En poco tiempo vimos cómo en nuestro país han sucedido diferentes hechos conmocionantes, trágicos. Cada uno de ellos con una víctima fatal, una persona muerta. Sí, una persona. Más allá de cuál fuera su cargo, de su edad, de su filiación política, de su lugar de residencia, de sus ideas, de su posición económica. Que se trate de personas pareciera importarle a pocos. Por el contrario, desde diferentes sectores de la política se utilizaron estos sucesos para poner en práctica un concepto reciente: la posverdad.

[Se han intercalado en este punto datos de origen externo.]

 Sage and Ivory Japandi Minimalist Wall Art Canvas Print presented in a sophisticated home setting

Esta palabra que, hasta el año 2016 estaba fuera de los radares de los diccionarios y que finalmente fue incluida, se utilizó mucho para describir la campaña presidencial de Donald Trump y la campaña a favor de la salida del Reino Unido de la Unión Europea. Aunque algunos hablan de que ya en la década del 90 los ingleses habían comenzado a utilizar el término post-truth para referenciar a las mentiras emotivas. La posverdad se da cuando a los hechos objetivos y reales se les da menos valor o menos credibilidad que a los sentimientos y creencias de personas al momento de formular una opinión pública, sin importar si se distorsiona la realidad, pudiendo agregar a esto el uso malicioso de rumores e injurias. Lo peor es que la mentira empieza a tomar tono de verdad, adentrándose en la opinión pública, porque a diferentes sectores les conviene.

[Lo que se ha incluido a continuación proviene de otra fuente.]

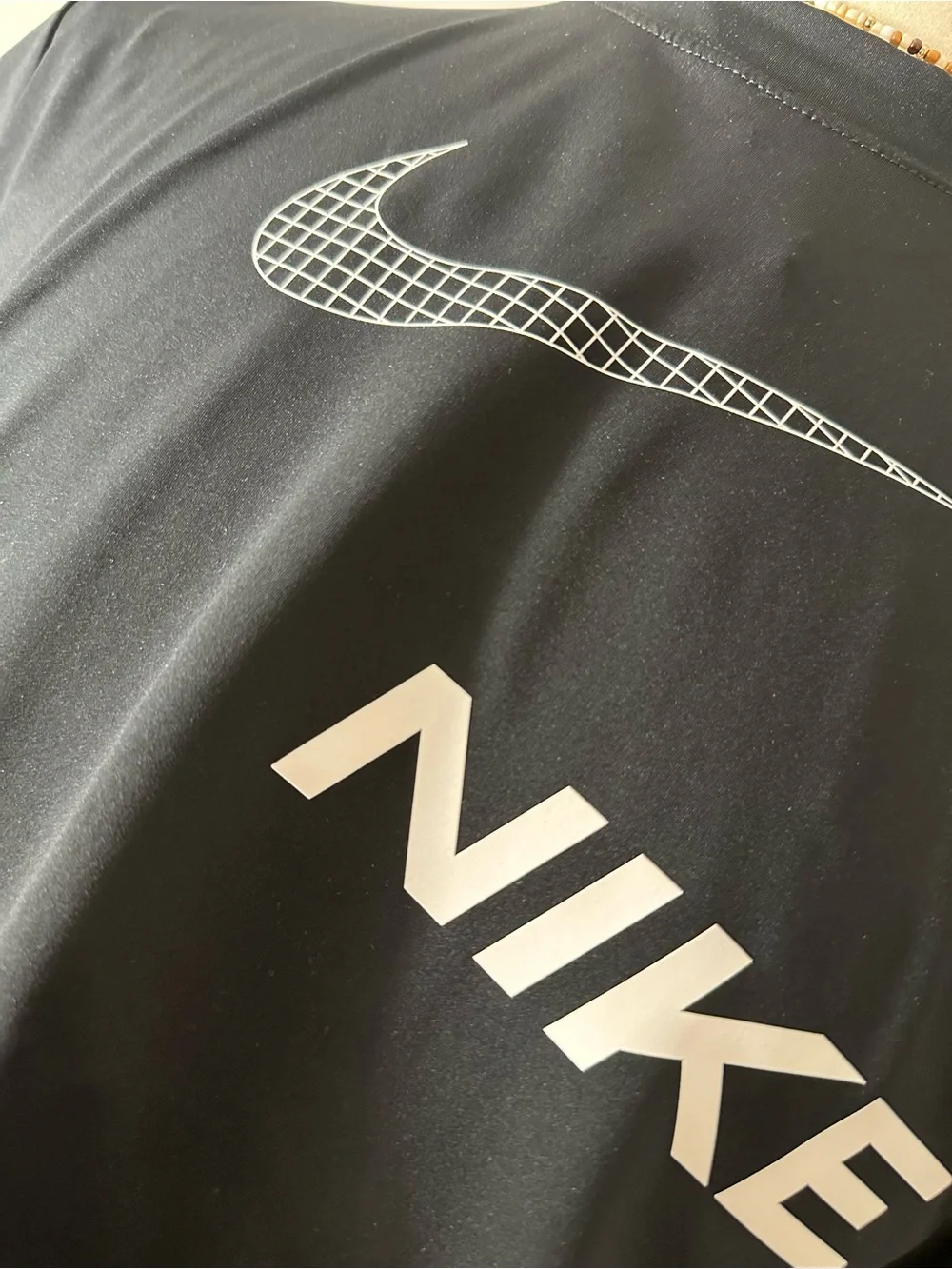 Nike Black Crop Tee with White Swoosh and Logo - Picture 3 of 6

A quién de la política le interesa saber la verdad respecto de qué fue lo que sucedió con Maldonado, Nisman o Gutiérrez. Creo que a nadie, o por lo menos a muy pocos. Lo mismo pienso de los medios de comunicación. Acá solo se trata de construir una verdad que destruya al otro y me beneficie. No importan los datos objetivos, importan los intereses. En el medio (o en el centro) está la Justicia, que no escapa a la construcción de la posverdad, sino que le es funcional en relación a quién esté en el ejercicio del poder político en ese momento, dejando de lado la profesionalidad investigativa, la obtención de elementos objetivos de prueba, indispensables para llegar a la verdad y, fundamentalmente, para poder impartir justicia. Esto me hace pensar que en muy poco tiempo, tal vez, se deba incluir en los diccionarios el término «posjusticia”, ya que el armado de las resoluciones o sentencias tiene más que ver con las conveniencias sectoriales que con la búsqueda de verdad y justicia.

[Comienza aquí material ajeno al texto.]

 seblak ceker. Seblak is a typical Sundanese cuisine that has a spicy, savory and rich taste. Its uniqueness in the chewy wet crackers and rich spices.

Dicho todo esto cabe preguntarnos cuál es el futuro de las instituciones en la era de la posverdad. ¿Podrán ellas salvarse y seguir siendo sostén de la república? ¿O, al igual que la verdad, serán moldeadas para alcanzar intereses sectoriales y no el bien común? Creo que las instituciones sin las personas que las componen son cáscaras vacías. Por ello nosotros no somos ajenos a lo que está pasando. Somos parte como testigos sordos y mudos, o como cómplices de una construcción que termina destruyendo no solo la realidad, sino también la verdad. En definitiva, parece que por ahora la única realidad es la posverdad.